Required work — In your copy, the records appear word for word and the pictures do not appear at all.

[Source material Boundary: Start]

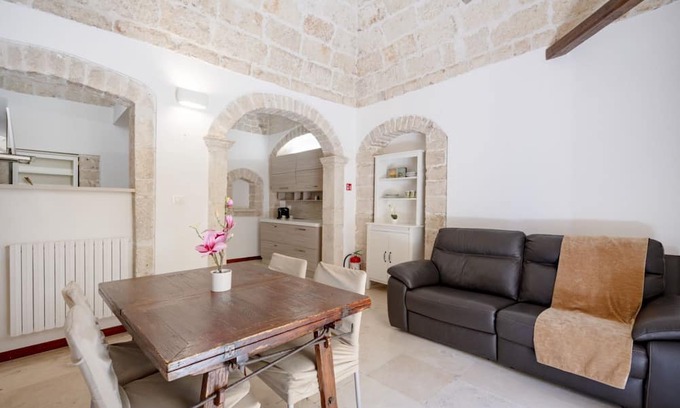 Casamassima Apartment | Dimora Carlotta – Terrace, tradition, and relaxation
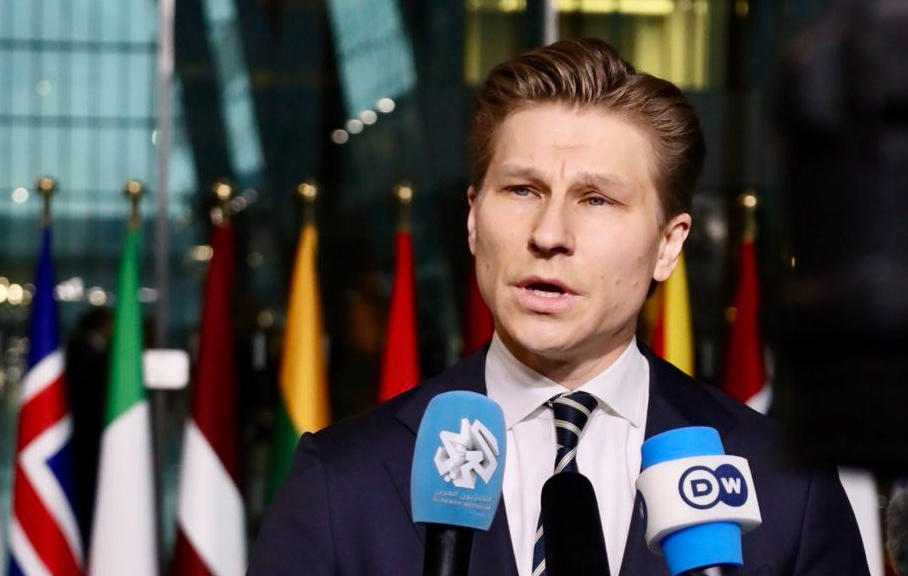 ფინეთის თავდაცვის მინისტრი - ფინეთი ნატო-ს ინიციატივას შეუერთდა, რომელიც უკრაინისთვის გადასაცემად აშშ-სგან იარაღის შესყიდვას ითვალისწინებს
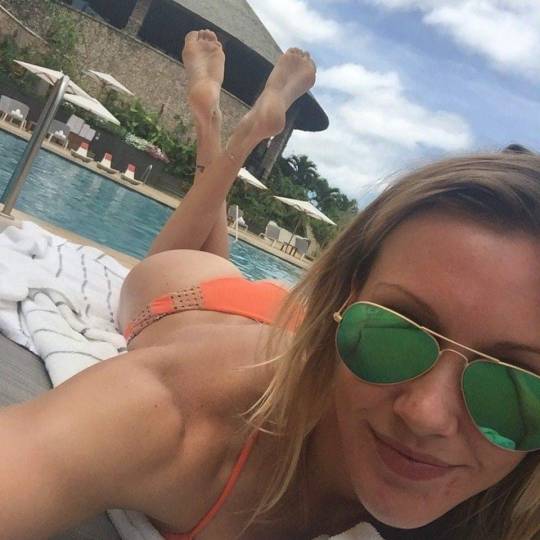 Katie Cassidy Ass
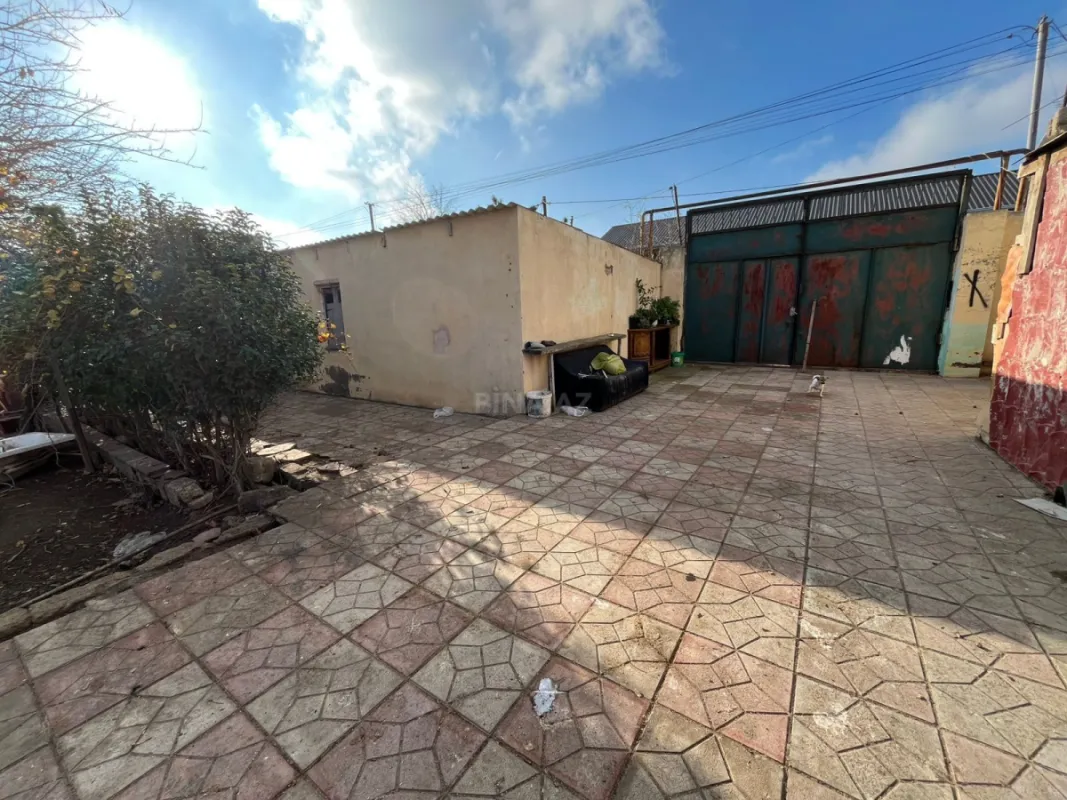 Satılır torpaq sahəsi 10 m²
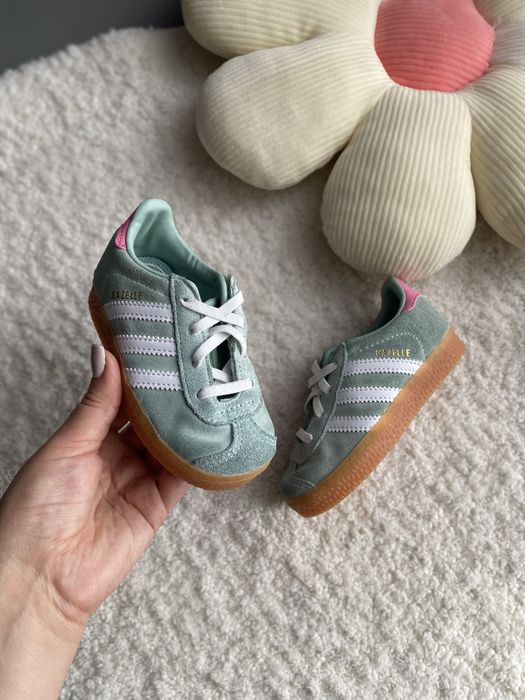 Кросівки кроси gazelle газелі оріг adidas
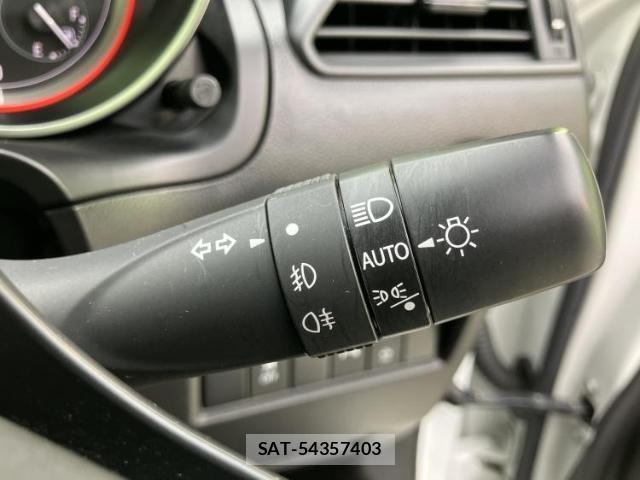 Suzuki SWIFT 2022-01 8856968-14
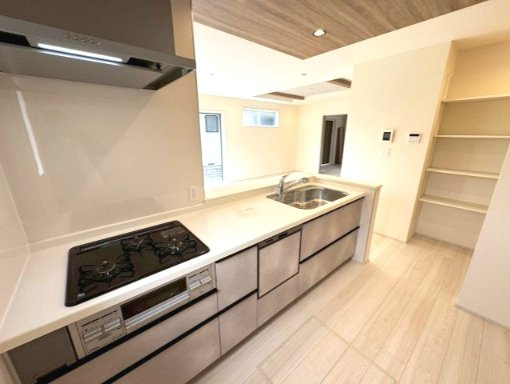 三島市谷田　新築戸建　全４棟　３号棟のキッチン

[Source material Boundary: End]

Completed task —
 Casamassima Apartment | Dimora Carlotta – Terrace, tradition, and relaxation
 ფინეთის თავდაცვის მინისტრი - ფინეთი ნატო-ს ინიციატივას შეუერთდა, რომელიც უკრაინისთვის გადასაცემად აშშ-სგან იარაღის შესყიდვას ითვალისწინებს
 Katie Cassidy Ass
 Satılır torpaq sahəsi 10 m²
 Кросівки кроси gazelle газелі оріг adidas
 Suzuki SWIFT 2022-01 8856968-14
 三島市谷田　新築戸建　全４棟　３号棟のキッチン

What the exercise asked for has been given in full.